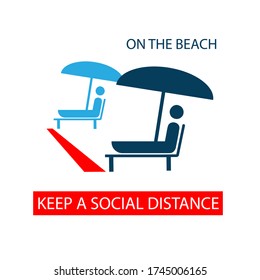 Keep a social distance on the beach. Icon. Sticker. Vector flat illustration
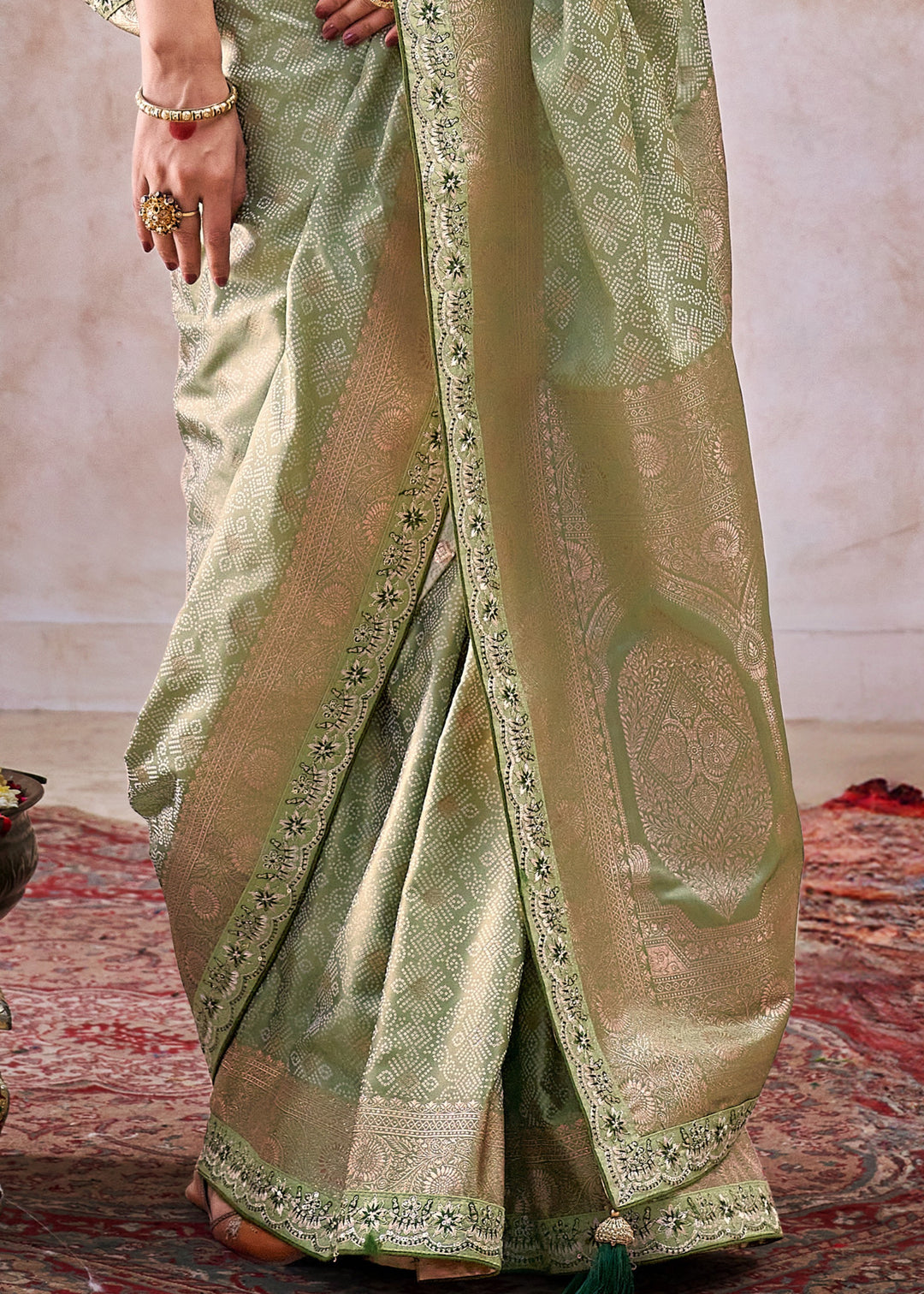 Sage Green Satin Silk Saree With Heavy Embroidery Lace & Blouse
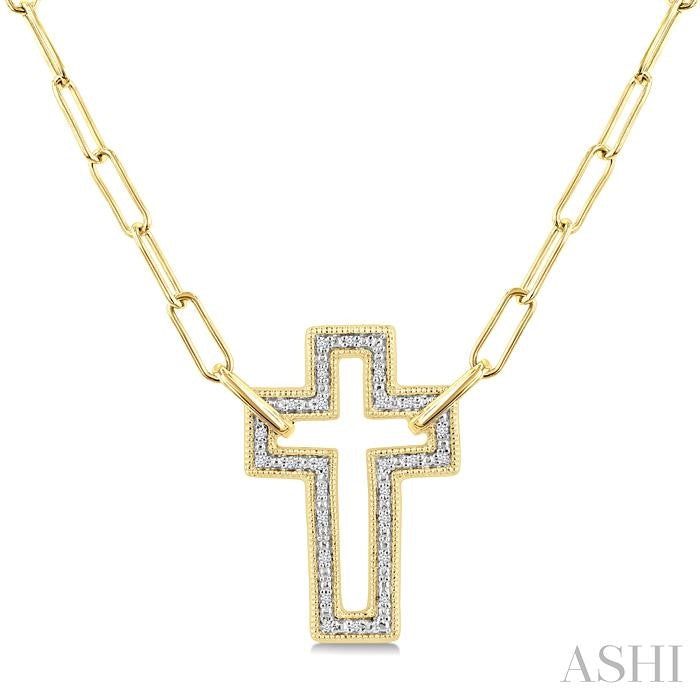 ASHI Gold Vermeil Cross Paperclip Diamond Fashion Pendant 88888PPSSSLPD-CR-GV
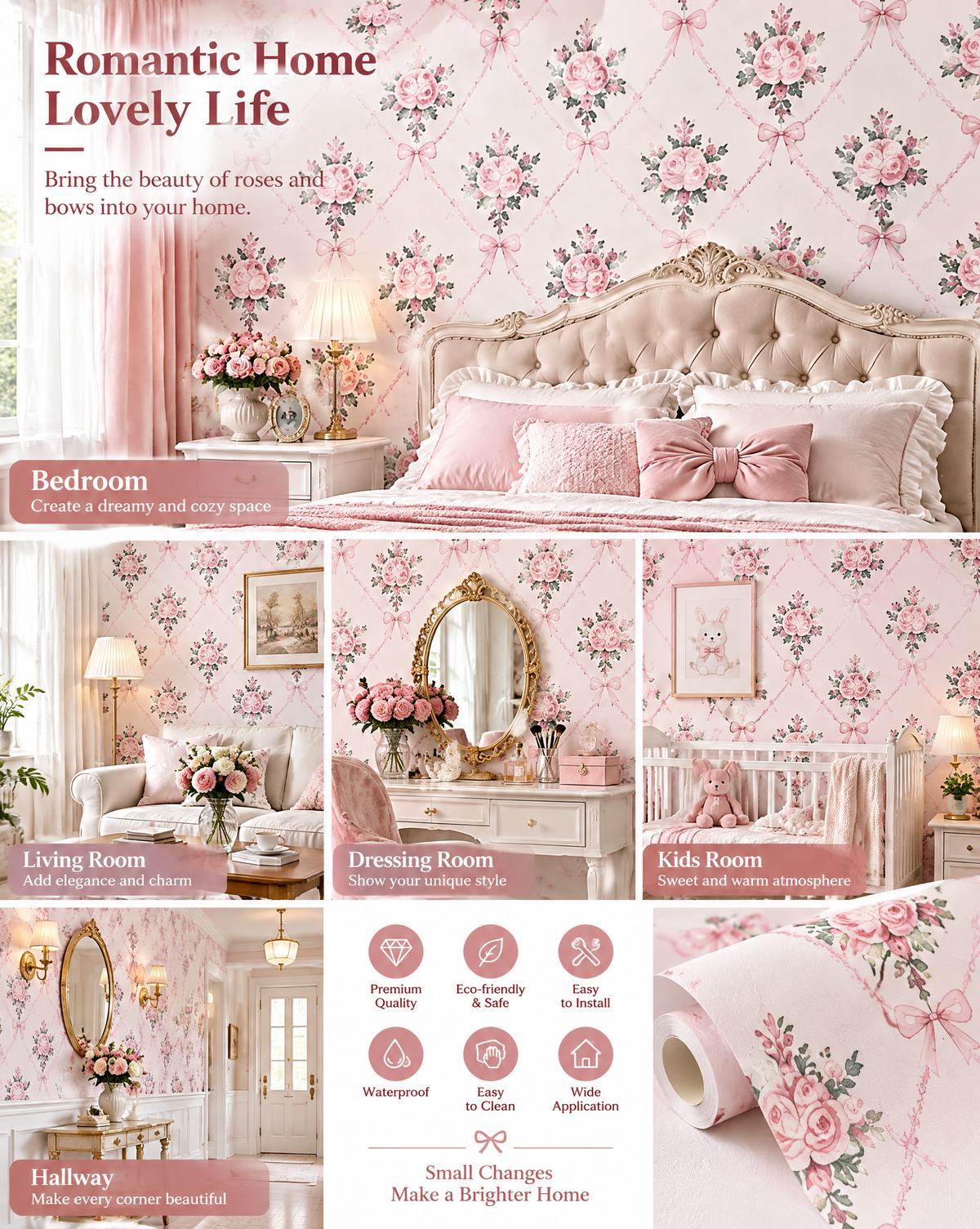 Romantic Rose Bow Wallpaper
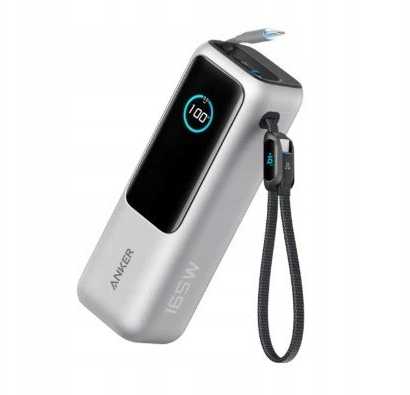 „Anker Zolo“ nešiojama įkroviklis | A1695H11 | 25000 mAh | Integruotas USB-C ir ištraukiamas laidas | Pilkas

**Aim of the task**. What you produce must match the listing word for word, with no images in it.

**Worked solution**.
 Keep a social distance on the beach. Icon. Sticker. Vector flat illustration
 Sage Green Satin Silk Saree With Heavy Embroidery Lace & Blouse
 ASHI Gold Vermeil Cross Paperclip Diamond Fashion Pendant 88888PPSSSLPD-CR-GV
 Romantic Rose Bow Wallpaper
 „Anker Zolo“ nešiojama įkroviklis | A1695H11 | 25000 mAh | Integruotas USB-C ir ištraukiamas laidas | Pilkas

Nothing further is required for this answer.